Nous en proposons cette synthèse, inspirée de la synthèse proposée en italien par la salle de presse du Saint-Siège.

La première partie de l’encyclique a pour titre : « L’unité de l’amour dans la création et dans l’histoire du salut ». Elle propose une réflexion à la fois philosophique et théologique, biblique et spirituelle sur la réalité de l’amour sous ses différentes formes, spécialement celles désignées par les mots grecs « éros » et « agapè » auxquels la révélation biblique a donné un sens nouveau.

La seconde partie de l’encyclique a pour titre : « Caritas – L’exercice de l’amour de la part de l’Eglise en tant que communauté de l’amour », et présente la mise en pratique du commandement de l’amour.

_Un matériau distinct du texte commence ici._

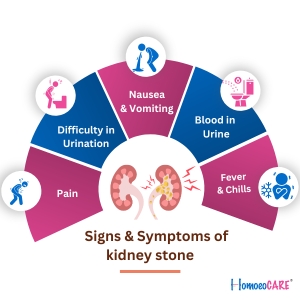 Signs and Symptoms of kidney stone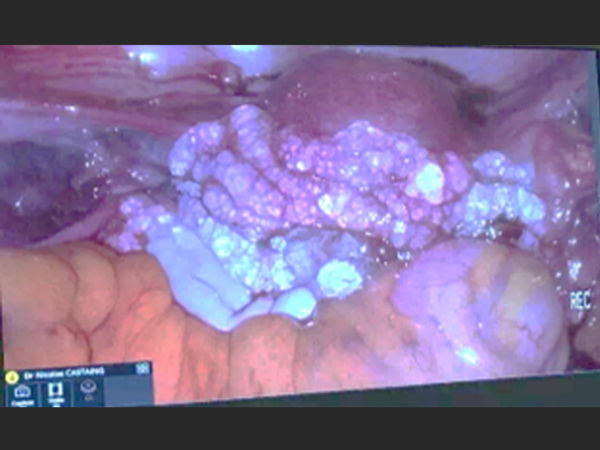 HyaRegen® Gel - Image 4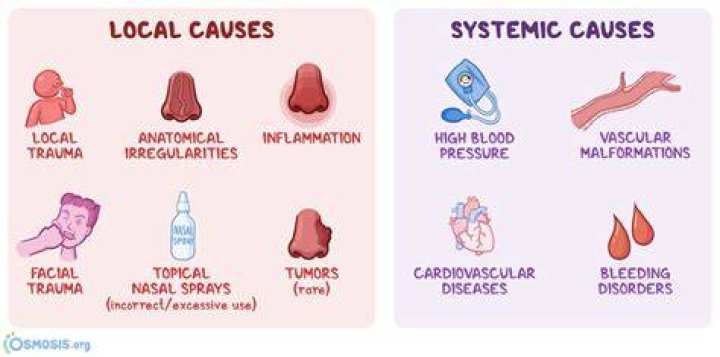 Can epistaxis causes death?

L’éros inscrit dans l’homme par le Créateur
Au début de son encyclique, le pape évoque un « problème de langage ». Il fait remarquer que le terme « amour » est l’un des mots les plus « galvaudés » aujourd’hui et que, parmi les différentes formes d’amour, l’amour entre l’homme et la femme est considéré comme l’amour par excellence. La Grèce antique le désignait par le terme d’« éros ». Dans la Bible, et en particulier dans le Nouveau Testament, le concept d’« amour » est purifié et approfondi comme en témoigne l’emploi du mot « agapè » pour exprimer un amour « oblatif ».

A propos de la nouvelle vision de l’amour introduite par le Christ lui-même, Benoît XVI fait observer un malentendu : on l’a présentée comme un refus de l’éros et de la corporéité. Or, le pape souligne que l’éros a été inscrit dans la nature même de l’homme par son Créateur. Mais il a aussi besoin « de discipline, de purification et de maturation » pour ne pas perdre sa « dignité originelle » et ne pas être réduit à une conception du sexe quasi marchande.

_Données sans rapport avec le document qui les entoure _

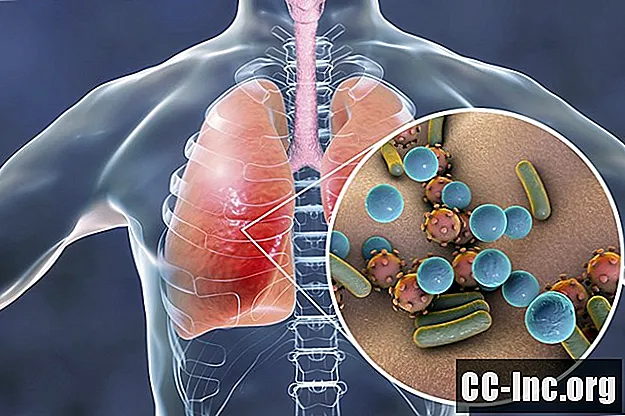 דלקת ריאות חיידקית אצל אנשים עם COPD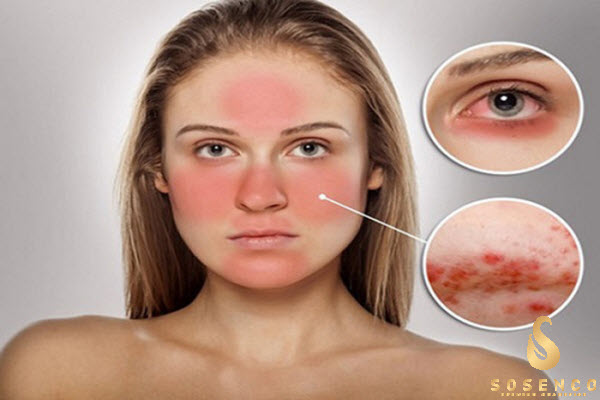 serum trị mụn thâm giá rẻ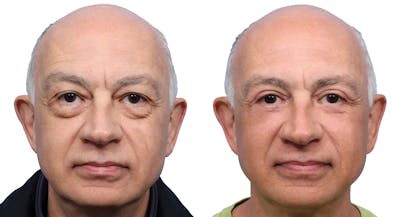 Blepharoplasty (Eyelid Surgery) Before & After Gallery - Patient 163451 - Image 1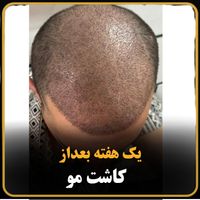 کاشت مو|خدمات آرایشگری و زیبایی|شیراز, فرهنگ شهر|دیوار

Le don de soi, une « libération »
Mais la foi chrétienne considère l’homme comme un être où sont unis l’esprit et la matière. Ainsi, lorsque le corps et l’âme de l’homme se trouvent en parfaite harmonie, le défi de l’éros est en quelque sorte surmonté. L’amour devient « extase », non pas moment d’ivresse passagère mais « exode permanent du moi fermé sur lui-même vers sa libération dans le don de lui-même » : l’éros peut conduire l’être humain vers le divin.

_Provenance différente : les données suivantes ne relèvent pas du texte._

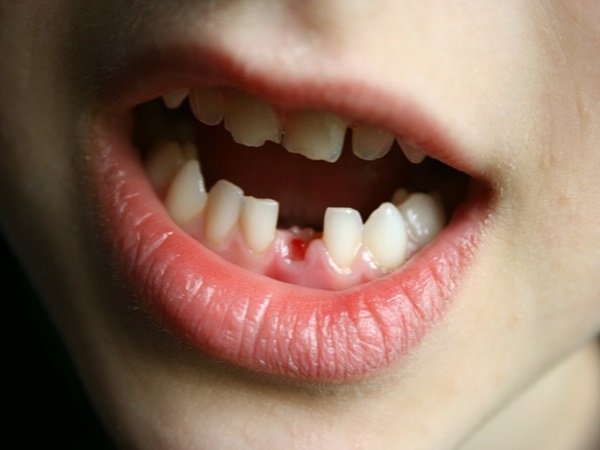 Nằm mơ bị gãy răng cửa là điềm gì, có con gì may mắn?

Ces deux formes de l’amour, « éros » et « agapè » ne peuvent donc être dissociées : plus ils trouvent un juste équilibre, plus la vraie nature de l’amour se réalise. Même si l’éros est au départ essentiellement désir, lorsqu’il se rapproche de l’autre personne, il cherche le bonheur de l’autre, se donne et désire être « pour l’autre ».

Enfin, du point de vue chrétien, l’éros-agapè atteint sa forme sublime dans Jésus Christ, amour de Dieu fait chair. La mort sur la croix de Jésus qui se donne pour relever et sauver l’homme, exprime l’amour dans sa forme la plus élevée. De plus, à la veille de sa Passion, Jésus confère à cette offrande une présence durable dans le monde par l’institution de l’Eucharistie. Sous les espèces du pain et du vin, il se donne et unit les chrétiens à Lui. En participant à l’Eucharistie les chrétiens sont à leur tour entraînés dans la dynamique de ce don et deviennent « un seul corps ».

L’amour pour Dieu et l’amour pour le prochain ne sont plus qu’un et l’amour peut être un « commandement » car il est déjà « donné ».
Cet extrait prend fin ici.